I have a UTF-8 file that contains the character 'Ñ' represented as a double-byte character - 0xC391.
The file is placed on the application server and an ABAP program then opens and reads the file. The OPEN statement specifies ENCODING UTF-8.
The file does not have a BOM at the start and when it reads the records containing 'Ñ', it takes each of the two bytes separately and incorrectly interprets them as 'Ñ'.
I have inserted a call to method CL_ABAP_FILE_UTILITIES=>CHECK_UTF8 and the file is recognised as being UTF-8.
If I open the file in Notepad and save it with encoding UTF-8, a BOM is inserted in the first three bytes of the file. If I then use this file as input the program correctly interprets the two bytes as 'Ñ'.
It is optional to have a BOM in a UTF-8 file and I have not come across any documentation stating that a BOM is required in a UTF-8 file for it to be correctly interpreted in ABAP.
Is it necessary to have a BOM in a UTF-8 file if it contains double-byte characters?
Are there any ways of dealing with this situation in ABAP rather than having to insert a BOM before processing the file?
Thanks in advance.
Billy Johnson
11-15-2016 3:13 PM
BOM is optional.
Regards,
Raymond
11-15-2016 3:56 PM
Hello Raymond,
Apologies for misleading you.
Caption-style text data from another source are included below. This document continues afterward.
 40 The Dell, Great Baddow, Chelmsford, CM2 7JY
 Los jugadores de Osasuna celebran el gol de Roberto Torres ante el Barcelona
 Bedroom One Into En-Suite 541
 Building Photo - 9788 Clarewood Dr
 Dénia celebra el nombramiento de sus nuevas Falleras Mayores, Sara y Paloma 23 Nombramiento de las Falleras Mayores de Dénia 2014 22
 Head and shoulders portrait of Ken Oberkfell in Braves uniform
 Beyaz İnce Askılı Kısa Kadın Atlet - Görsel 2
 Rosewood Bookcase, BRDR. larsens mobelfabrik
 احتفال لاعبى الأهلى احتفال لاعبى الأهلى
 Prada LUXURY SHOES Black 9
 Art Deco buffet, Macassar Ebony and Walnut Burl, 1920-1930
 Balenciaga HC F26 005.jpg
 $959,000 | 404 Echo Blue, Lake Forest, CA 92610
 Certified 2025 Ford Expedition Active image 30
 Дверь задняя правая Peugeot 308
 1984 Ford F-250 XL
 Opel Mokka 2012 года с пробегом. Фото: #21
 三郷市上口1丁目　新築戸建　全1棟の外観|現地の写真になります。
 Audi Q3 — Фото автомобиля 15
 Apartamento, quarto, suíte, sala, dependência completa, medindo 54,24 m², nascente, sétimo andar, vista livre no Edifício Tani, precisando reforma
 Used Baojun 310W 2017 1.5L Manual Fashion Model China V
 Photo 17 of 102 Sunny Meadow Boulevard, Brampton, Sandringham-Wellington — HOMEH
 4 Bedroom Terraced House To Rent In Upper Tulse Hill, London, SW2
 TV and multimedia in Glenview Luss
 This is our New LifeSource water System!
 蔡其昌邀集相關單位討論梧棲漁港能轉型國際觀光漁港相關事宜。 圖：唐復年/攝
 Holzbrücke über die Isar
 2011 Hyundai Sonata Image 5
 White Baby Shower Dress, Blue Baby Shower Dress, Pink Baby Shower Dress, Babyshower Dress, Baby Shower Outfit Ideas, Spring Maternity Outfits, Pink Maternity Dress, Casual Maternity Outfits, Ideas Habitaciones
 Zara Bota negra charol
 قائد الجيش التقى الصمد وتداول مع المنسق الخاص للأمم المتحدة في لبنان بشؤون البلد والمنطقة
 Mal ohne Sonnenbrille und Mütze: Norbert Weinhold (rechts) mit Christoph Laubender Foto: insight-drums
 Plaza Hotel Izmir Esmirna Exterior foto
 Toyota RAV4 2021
It is '0xC3' '0x91' rather than '0xC391'.
TEXT MODE was specified and it was tried with and without 'SKIPPING BYTE-ORDER MARK'.
Regards
Billy
11-15-2016 8:46 PM
"It is '0xC3' '0x91' rather than '0xC391'" : it's the same thing, i.e. 2 bytes
11-16-2016 6:56 AM
In which kind of data do you READ the DATASET, what do you see thru AL11 when clicking on file?
Regards,
Raymond
11-16-2016 7:31 AM
11-15-2016 9:01 PM
à is the Unicode character U+00C3 (0xC383 in UTF-8 - https://fr.wikipedia.org/wiki/%C3%83 ), and also 0xC3 in Latin 1, etc.
As you have run CHECK_UTF8 successfully, I guess your file is UTF-8 and is read correctly, but there's a subsequent misinterpretation.
Which byte values do you get in the ABAP debugger right after READ DATASET?